India is dancing with joy.  The magic of bold reform has turned pessimism into optimism.   By slashing corporate taxes, Nirmala Sitharaman has revived the animal spirits of investors.  By making the big bang announcement during business hours, she has succeeded in boosting sentiments sky high.  There was a seven percent surge in the stock markets within a few hours which have increased the total value of India’s listed stocks by an astounding Rs 10 lakh crore.  All talk of recession has vanished.  India is back on track to fulfilling the dream of five-trillion-dollar economy. 

This is one point of view.   The other viewpoint goes something like this: 
This is just a gimmick.  Ordinary citizens earning ten lakh rupees have to pay 30% tax, but for companies making Rs 1000 crore profit the effective tax will be only 25 percent.  No wonder the stock markets are jumping for joy.  Cutting corporate tax rates less than three months after a Budget and four months before the next one is an act of desperation by a panic-stricken government.  After being in a state of virtual denial, they are making all sorts of short-sighted announcements to surrender to the demands of the affluent sections.   How will this boost demand? How will this benefit the common man? How will it ease agrarian distress?

It is well-known that there are “four Indias within India”.  The very rich, the very poor, those who are sandwiched in-between and those who just don’t fit into any category and don't matter anyhow. 

Right now, after Nirmala Sitharaman’s pre-Diwali gift to India Inc., the very rich are very happy.   Big businessmen and the investor community are almost delirious with excitement.  This is the bold reform we have been waiting for, they are saying. 

Here are a few of the most euphoric reactions:   
Diwali has arrived early!
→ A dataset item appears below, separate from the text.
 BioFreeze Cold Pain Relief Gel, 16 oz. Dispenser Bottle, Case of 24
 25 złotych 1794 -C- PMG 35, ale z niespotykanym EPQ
Very good move by a very good Finance Minister.  Howdy Nirmala! Your kindest cut of all in corporate tax will i) reignite corporate investment, ii) act like an elixir, iii) boost the stock market and iv) stabilize the rupee.  India has finally become a low-corporate tax economy.  Global investors will flock to India in droves.  Well done, well done.  Just look at Sensex soar, up 1,920 can you believe it. 

A well-known analyst said:   The ‘nabobs of negativity’ are shell-shocked.  They are tongue-tied, saying that the tax cut is only a supply-side measure and does nothing for the demand side.  They are wrong - lower tax always leads to more money in pocket and greater demand.  When the government is doing something to revive the economy from the recent slowdown, we should support it, not be blindly critical.
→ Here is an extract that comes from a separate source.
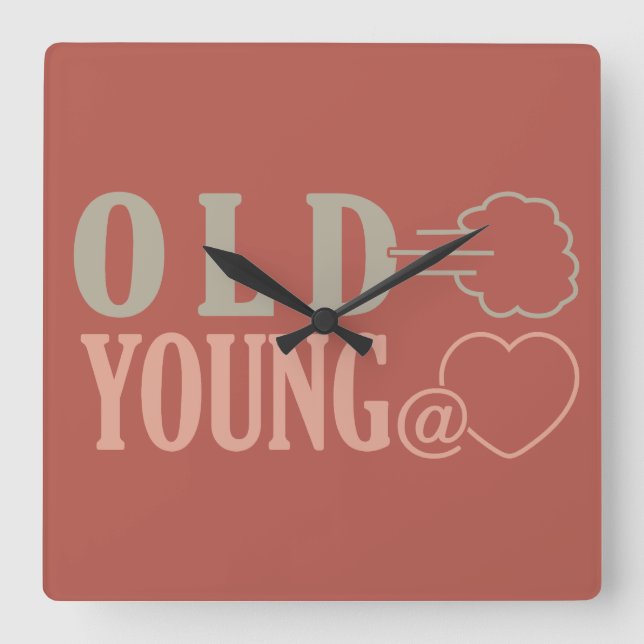 Old Fart custom wall clock (Front)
However, as the initial euphoria subsided the broader picture began to emerge.  The words of the sceptics seemed to have some merit. In her maiden budget in July, Nirmala Sitharaman had said that she had 10-year vision in mind.  Now within three months, she is performing a U-turn by rolling back most of her Budget provisions.  Is that indicative of pragmatic policy or just panic? Also, to be noted is that the reduced corporate tax is on profits – whereas the whole problem is that currently companies are struggling to make any profits.  

Simply by reducing corporate tax will not automatically lead to higher consumption of goods and services.  Consumers will not suddenly start buying cars, TV, houses, etc.  Money saved for companies will not put money into the hands of citizens.  

Bull runs on the stock markets are not evidence of an economic turnaround or a reversal of recessionary trends.  Today’s bulls will become tomorrow’s bears. 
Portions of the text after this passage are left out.